I heard a noise by the door. I swung myself towards the door and I saw a strange looking man trying to escape.
“Freeze!” Roselle commanded.
The guy stopped what he was doing and he put his hands up in the air. Roselle arrested him and told him his Miranda rights. She then proceeded to take him into the police department for an interrogation.
“Did you kill Wacey Newman?” Roselle asked, walking around her arms crossed, face serious.
“Yes, I did.”
“Because he got me fired and--,”
“And you had to get back by killing him so he would lose his job too?”
“I really didn’t mean to kill him.”
“What are you saying, Chuckles? Is that even your real name? You gave us a fake name so that nobody would know who you were and so that they wouldn’t expect anything? You killed Wacey just because he got you fired. Why did you get fired?”
“I wrote the wrong dosages for a patient with a severe case of pneumonia and it killed him.”

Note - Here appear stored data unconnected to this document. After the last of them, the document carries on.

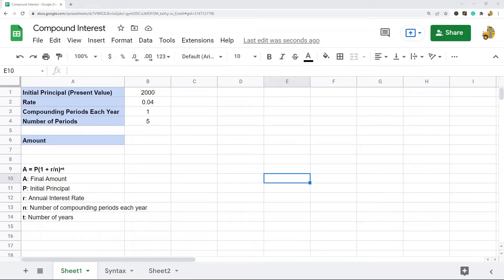In this video I am going to show you how to calculate compound interest in Google Sheets. There are a few different ways to make this calculation — we can either set up the math formula ourselves using the compound interest formula, or we can use the FV function. I'm going to show both ways in this video.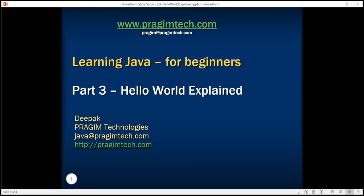Hello everyone, this is Deepak. In our last tutorial we created a simple hello world program and also executed it from the command prompt.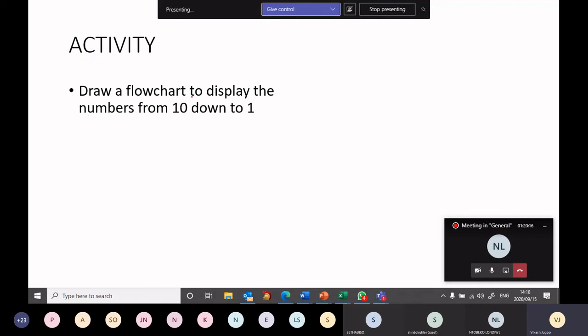We need to draw a flowchart to display the numbers from 10 down to 1. In other words, we want to display the numbers 10, 9, 8, 7, 6, 5, 4, 3, 2, 1. That's what the question is asking us to do.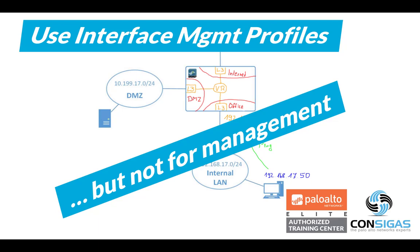Interface management profiles are an important element when setting up layer-3 interfaces, but what you should actually not use them for is managing the firewall. Why? I will explain in a moment.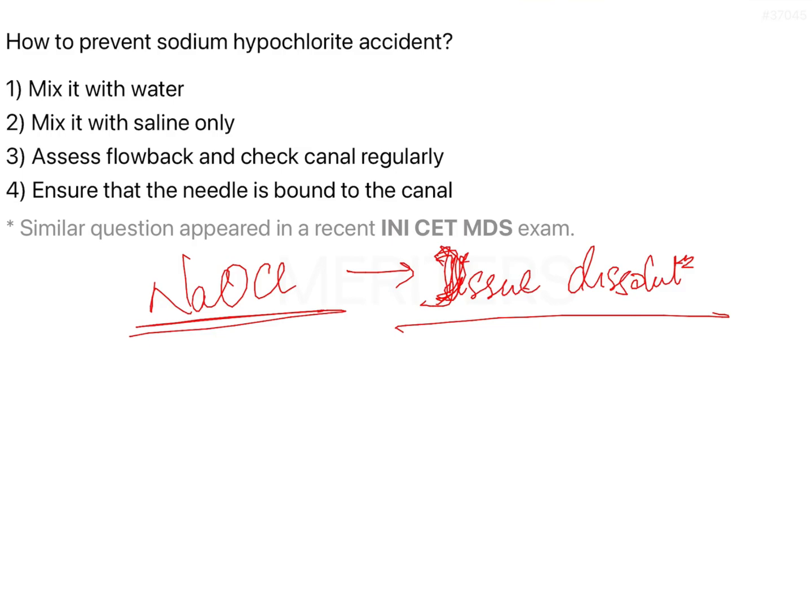When you are using sodium hypochlorite, you usually dilute it. Even if you are using 5.25%, you have to use it at a particular concentration. However, any amount of sodium hypochlorite is going to cause some amount of tissue dissolution — even if you dilute it further and use it with saline, it is going to create some form of dissolution.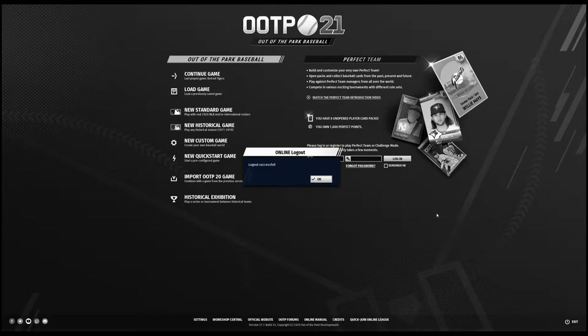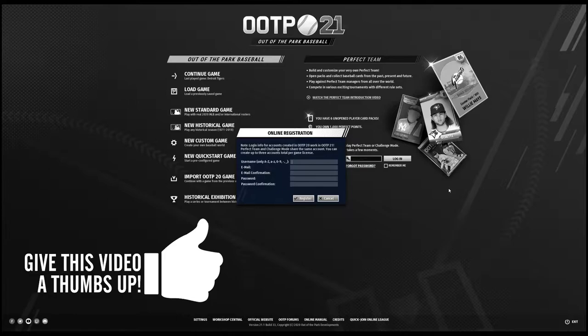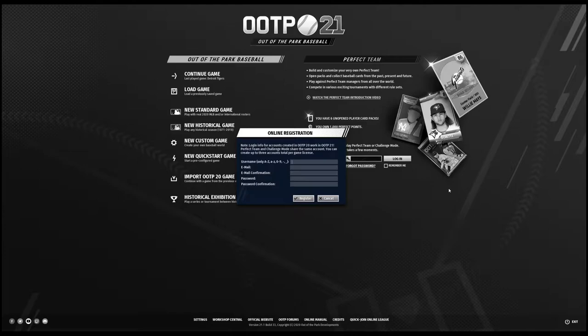What you need to do is create a whole new username with a different email address. You can have up to three users per license. Choose your new username and put in a new email address. It can't be your current one, it could be a secondary one that you have, or it could be a spouse or boyfriend or girlfriend if you want. Maybe not use the neighbors.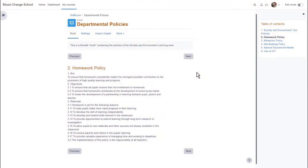A book in Moodle is a series of connected pages. You can think of it as a mini website or as a manual, for instance this book on a school Moodle which is a departmental policy document.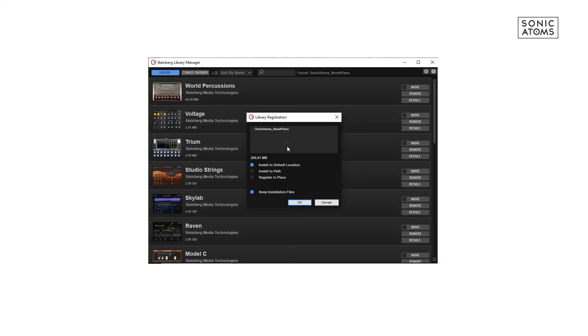Now you can finally install Sonic Atoms sample library. This is very simple now. Just find our library and double click on it. This will open Steinberg's library manager and will ask you where to install the library. You can use default location or choose your own path. Choose best option for you and press Install.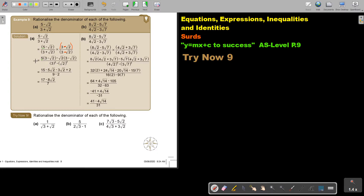So I get 15, I get negative 5 squared of 2, I get negative 3 squared of 2, and then positive 2. Then 15 plus 2 is 17, and that's minus 8 squared of 2, over 7. Let's look at the next one.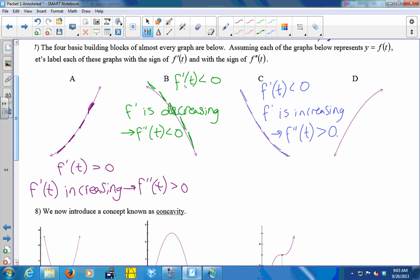For graph D, F is increasing, so F prime is positive. Looking at the tangent lines: they're all positive, start out steep, and approach zero — the values of the slopes are decreasing. So F prime is decreasing, which tells us that F double prime is negative.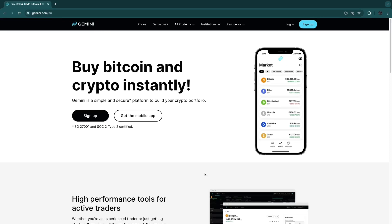In this video I will show you how to create a Gemini account. Gemini is a crypto exchange that I really like, and if you would like to sign up, I do have an affiliate link down in the description that will take you to this specific page. I would really appreciate it if you sign up through my affiliate link.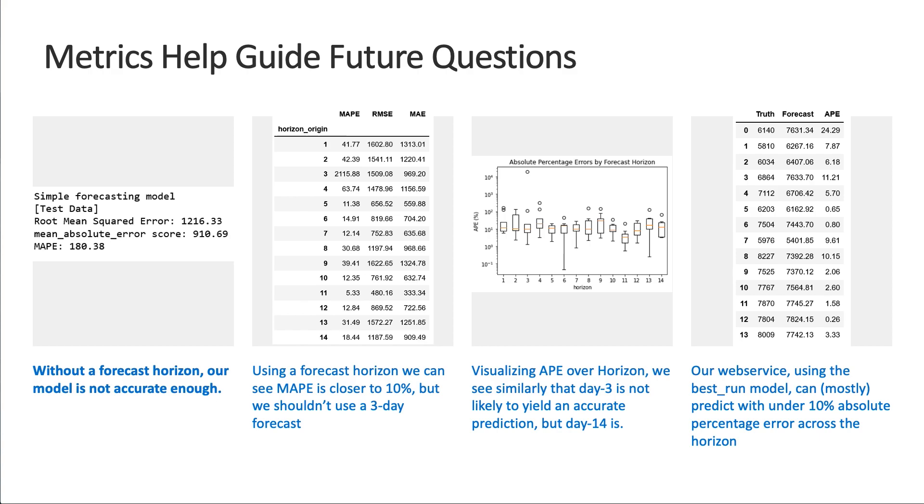When we visualize that in a different way, we could see that day three was probably not a good day to make forecasts, but day 14 yielded some pretty accurate predictions.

“So let me guess, your friend, Wacey, saw this mistake and turned you in for it? Then you had the power in yourself to go out and kill him? You are not making any sense here. For all I know you could be lying. And we still haven’t got back your DNA test so we can determine who you are. You are looking at a life sentence in jail. Impersonating someone and murder. The hole is getting deeper and deeper. It’s time to confess or it’ll be too late.”
“Alright, my name is Jesse Ambridge. I was Wacey’s nurse and I misunderstood what he had said to me when dealing with the patient with pneumonia. He got me fired and I needed to make myself feel better. I decided to kill him; he made me lose my job that I worked forever to receive. What a better way to make him suffer by making him lose his job too.”
“Mr. Ambridge, how did you kill Mr. Newman?”
“I kidnapped him, gave his some laughing gas to knock him out, I beat him, I did everything I could to make him feel the pain I was feeling.”
“Mr. Ambridge, I’m placing you under arrest for murder in the first degree.”
“Please, it was just a misunderstanding.”
“You have the right to remain silent. Whatever you say can be used against you in court...”
With that, Jesse had been towed away to the prescient where he would be held until a court day would be finalized and a conviction would be made.
After that, I had lost contact with Fred, Harvey, and Roselle, but I did read that Jesse had been given a life sentence in Herbville County Jail. I just released me demo for a big recording studio outside of Fort Bear. I realized something while dealing with this case: I miss being a detective. I made a poor decision quitting and moving away from my problem. But my new life has its perks. Hopefully, I’ll be at the top soon. Right now, I’m just sitting on my couch watching cartoons.